Weekly Checkup

Trust Withdrawn

Recently, the Department of Justice (DOJ) withdrew three decades-old policy statements that created antitrust safety zones for various health care entities, including hospitals. My colleague Fred Ashton has all of the details here. Below is a brief overview of what this withdrawal means for the health care industry.

The withdrawn DOJ guidance was drafted in 1993, 1996, and 2011 in conjunction with the Federal Trade Commission (FTC). FTC has not withdrawn its version of these policy statements, however, leading to some confusion over which behaviors the antitrust agencies are likely to scrutinize. These policy statements are not legally binding, but they inform industry participants as to how a given agency will enforce a law or regulation. As Ashton explains, the withdrawn statements “established antitrust safety zones, circumstances under which the antitrust enforcement agencies will not challenge certain activity, for information exchanges, hospital mergers, joint ventures, and Accountable Care Organizations (ACO) participating in the Medicare Shared Savings Program covering millions of patients.” The key phrase here is “withdrawn” – DOJ has issued no replacement guidance and has offered that stakeholders should consult “recent enforcement actions and competition advocacy” to determine what its future actions may be.

The problem with DOJ’s advice, of course, is that every past enforcement action was made under the withdrawn guidance—and as DOJ did not issue replacement guidance, industry participants will have to look to future actions to understand how DOJ will enforce antitrust law. Industry cannot predict how DOJ will act in the future, so there is no certainty about what behavior DOJ will scrutinize and how likely it is to investigate existing industry participants.

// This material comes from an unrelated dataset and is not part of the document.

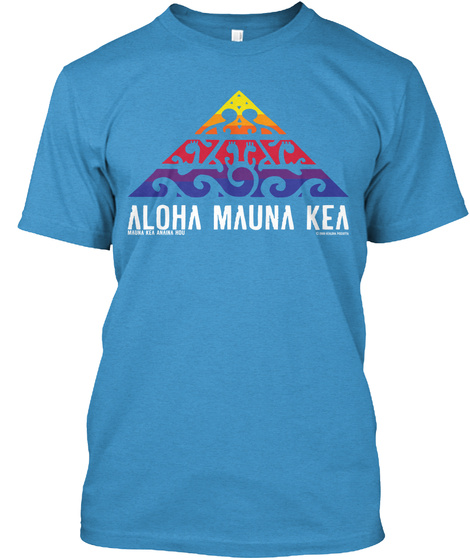 Aloha Mauna Kea Heathered Bright Turquoise  T-Shirt Front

How many entities could be at risk for enforcement? That is difficult to say, but 3,421 hospitals (56 percent of all hospitals) in the United States fell within antitrust safety zones in 2022, and over 1,600 mergers took place between 1998–2021. Similarly, there were 456 ACOs as of January 2023 overseeing the care of about 10.9 million patients. A large number of these entities could now be vulnerable to the DOJ’s antitrust scrutiny. Additionally, we are likely to see a freeze by stakeholders on new hospital mergers, expanded joint ventures and ACOs, and information exchanges.

Now, the premise behind this withdrawal – that the original guidance is associated with a period of increased monopolization – isn’t a bad one. The old guidance, issued under the belief that economies of scale provided cost efficiencies and better care coordination, supported a free-for-all environment in which hospital mergers skyrocketed. As the American Action Forum has previously noted, these hospital mergers have been linked to rising prices and spending for hospital care.

In theory, revoking this guidance could be beneficial: DOJ is more likely to crack down on hospital mergers that would raise prices. Without replacing the guidance with anything concrete, however, DOJ has instead left large portions of the health care system in limbo, with good-faith actors unclear on which behaviors the antitrust agencies will deem permissible, confusion compounded by the fact that the FTC has opted to keep its guidance on these safety zones on the books. Adding confusion in an industry that depends on stability and certainty is likely to cause significant problems not just for hospitals, but for their patients, too.